The story-progressing puzzles are fairly challenging, but most will only take a few minutes to complete. While there is no set solution for any given puzzle, most will be completed in a general way, such as stacking two boxes in order to stand on a fan-equipped box that is hovering due to being flipped upside down, which is otherwise too high to get to normally. A lot of the puzzles require players to remember that after obtaining a special staff partway into the adventure, blocks can be moved remotely. This opens up some interesting solutions, and results in some nice “aha!” moments.
Those “aha!” moments aren’t too rare, as there are a good handful of levels to complete. There’s even some puzzles that play with light and shadows towards the end. But just as a new type of box gets introduced, and just as the puzzles start to really get the noggin thinking, the adventure is over. Most players will finish Solo: Islands of the Heart in 4-6 hours, and many in much less time than that. It’s a shame, because the mixture of different boxes could have led to some much more involved puzzles. Perhaps a level editor would have helped things, but that would likely have prohibitively increased development time and resources required of the small team.
The Unity Engine runs things in Solo, and since the most action in this game involves Diglett-type animals burrowing towards or away from the player, it is a good engine choice. Generally, things run smoothly, though occasionally the player character can be difficult to maneuver subtly when scaling up walls on blocks. Some visual effects do occasionally seem to load without textures, though the issue is never as bad as in a certain notoriously terrible game that shall not be named.
Solo: Islands of the Heart Review - A Little Love Analysis (PS4) | PSLS
More Like an Online Quiz
The end of the game gives you a summary of the choices you made, and then a short analysis of what this means for your style of giving and receiving love. From my experience, it was fairly accurate when I answered honestly. On the other hand, because only a dozen or so questions were asked, the analysis ended up feeling like an online quiz, as it lacked any real authority on the subject.
Solo: Islands of the Heart is perhaps the most introspective game to release this year.
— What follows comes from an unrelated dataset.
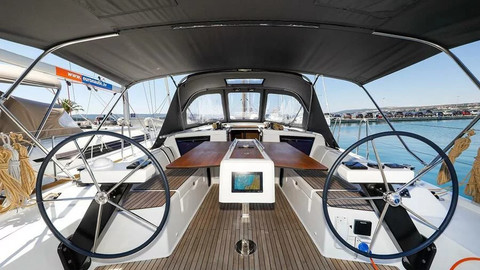 Dufour 390 Grand Large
The gameplay may not have much to do with the story, but the puzzles are decent roadblocks on the journey. The whole adventure will only take most gamers 4-6 hours to complete, and while that may feel like enough for the price ($19.99) for some, just as the puzzles start to get more challenging, the game is over. Fans of puzzle games may want to check out Solo: Islands of the Heart, but those who are expecting a major challenge will probably want to look elsewhere.